What healthcare providers should do:  

  • Monkeypox infection should be considered for patients presenting with skin lesions, especially for those with a history of recent travel to an area with confirmed monkeypox cases. If lesions are characteristic for monkeypox, monkeypox should be considered even in the absence of known travel.
  • Those who have known close personal contact with people with monkeypox could potentially also be at risk for the disease.
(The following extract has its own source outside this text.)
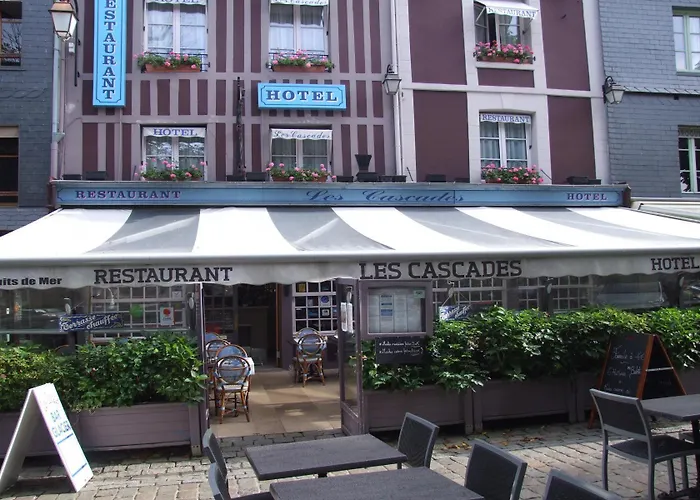 Les Cascades - De Charme Szálloda Honfleur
  • Take note that some patients have had genital lesions and the rash may be hard to distinguish from syphilis, herpes simplex virus (HSV) infection, chancroid, varicella zoster, and other more common infections.
  • Isolate any patients suspected of having monkeypox in a single-person room, and ensure staff understand the importance of wearing appropriate personal protective equipment (PPE) (gown, gloves, eye protection, and respirator) and that they wear it each time they are near suspected cases.
  • Use standard cleaning/disinfectants in accordance with the manufacturer’s instructions.
  • Report all suspected monkeypox cases to Public Health immediately.